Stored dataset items
============
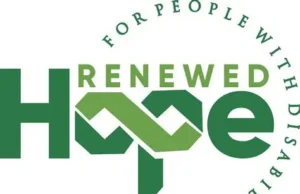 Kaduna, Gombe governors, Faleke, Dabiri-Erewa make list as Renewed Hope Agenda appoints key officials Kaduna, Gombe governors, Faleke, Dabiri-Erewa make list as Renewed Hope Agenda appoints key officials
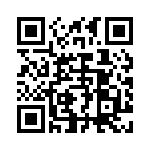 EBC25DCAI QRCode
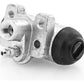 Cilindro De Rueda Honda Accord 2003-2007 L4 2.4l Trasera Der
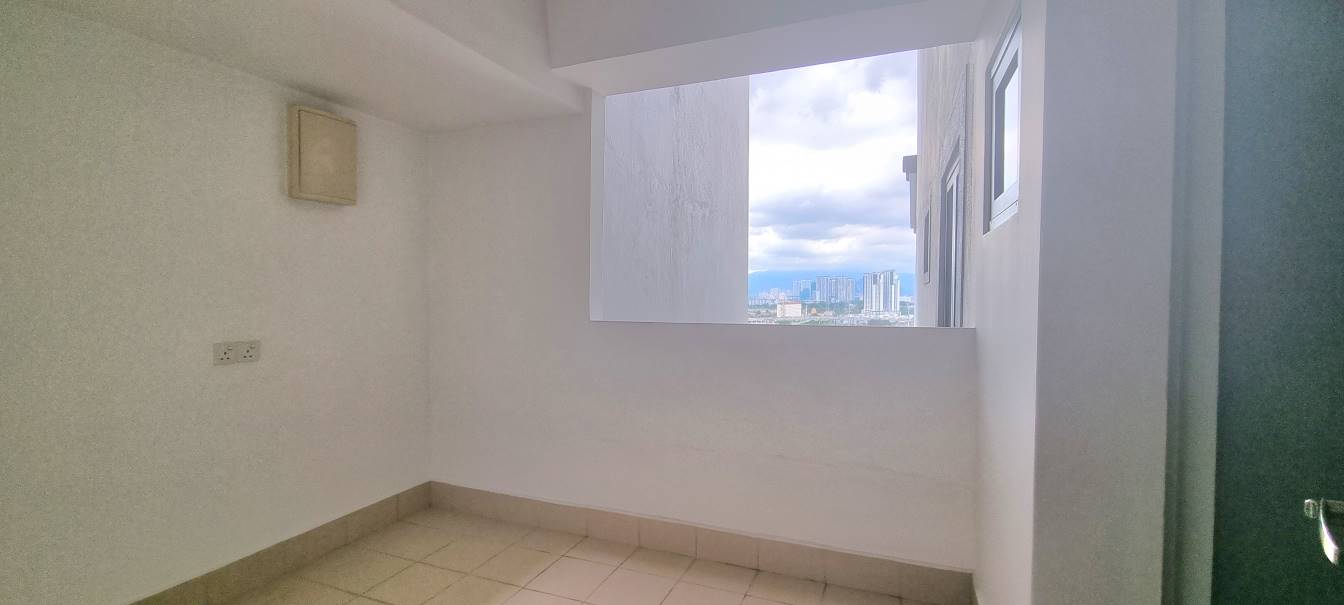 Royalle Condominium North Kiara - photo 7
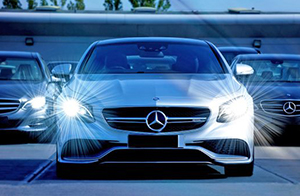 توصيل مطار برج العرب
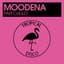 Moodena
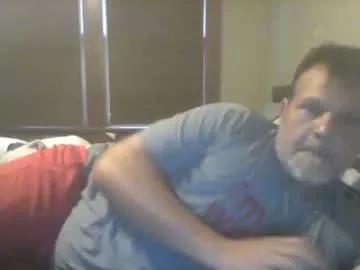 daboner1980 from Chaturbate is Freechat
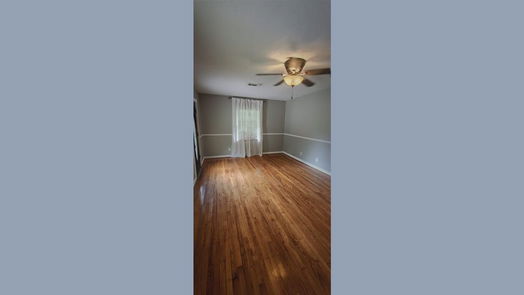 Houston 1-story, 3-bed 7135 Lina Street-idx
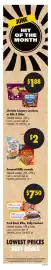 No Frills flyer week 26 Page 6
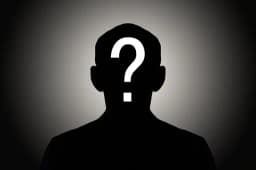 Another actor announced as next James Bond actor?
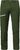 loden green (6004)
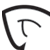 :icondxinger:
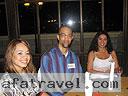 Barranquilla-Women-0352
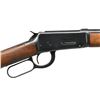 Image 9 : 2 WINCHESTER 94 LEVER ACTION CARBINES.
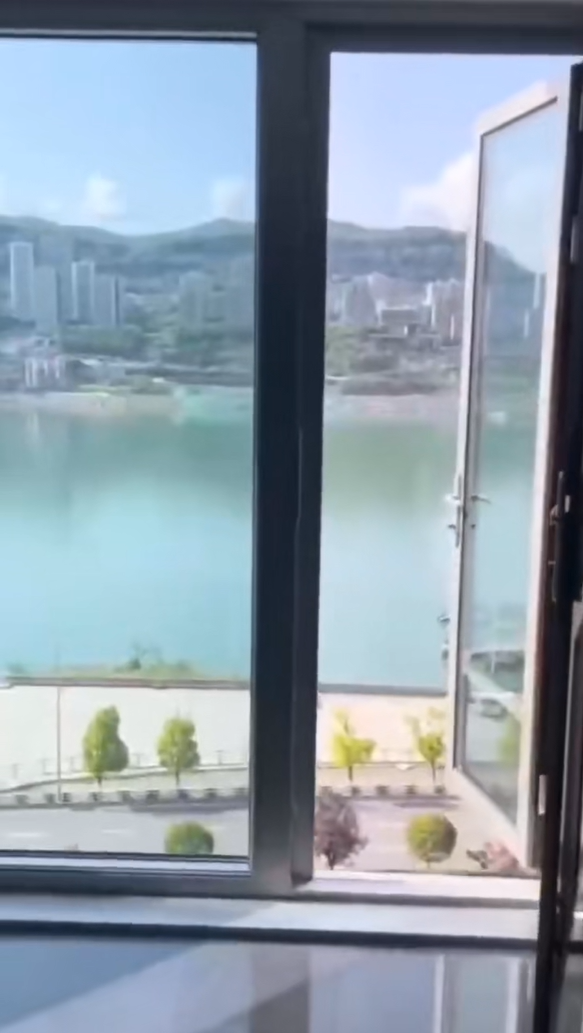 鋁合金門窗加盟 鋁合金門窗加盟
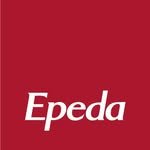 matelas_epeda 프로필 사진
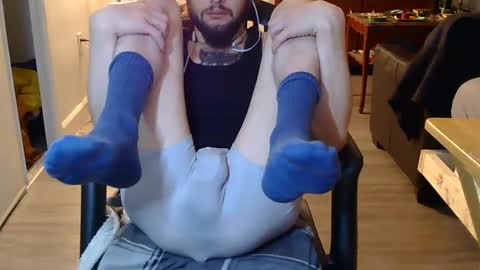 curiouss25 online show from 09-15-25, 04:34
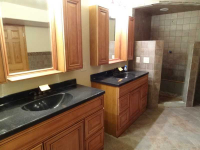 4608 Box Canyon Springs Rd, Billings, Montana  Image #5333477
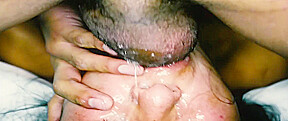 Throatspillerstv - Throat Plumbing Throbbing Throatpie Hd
============
## TASK
Output every record above word for word, omitting any pictures they contain.

## ANSWER BELOW
 Kaduna, Gombe governors, Faleke, Dabiri-Erewa make list as Renewed Hope Agenda appoints key officials Kaduna, Gombe governors, Faleke, Dabiri-Erewa make list as Renewed Hope Agenda appoints key officials
 EBC25DCAI QRCode
 Cilindro De Rueda Honda Accord 2003-2007 L4 2.4l Trasera Der
 Royalle Condominium North Kiara - photo 7
 توصيل مطار برج العرب
 Moodena
 daboner1980 from Chaturbate is Freechat
 Houston 1-story, 3-bed 7135 Lina Street-idx
 No Frills flyer week 26 Page 6
 Another actor announced as next James Bond actor?
 loden green (6004)
 :icondxinger:
 Barranquilla-Women-0352
 Image 9 : 2 WINCHESTER 94 LEVER ACTION CARBINES.
 鋁合金門窗加盟 鋁合金門窗加盟
 matelas_epeda 프로필 사진
 curiouss25 online show from 09-15-25, 04:34
 4608 Box Canyon Springs Rd, Billings, Montana  Image #5333477
 Throatspillerstv - Throat Plumbing Throbbing Throatpie Hd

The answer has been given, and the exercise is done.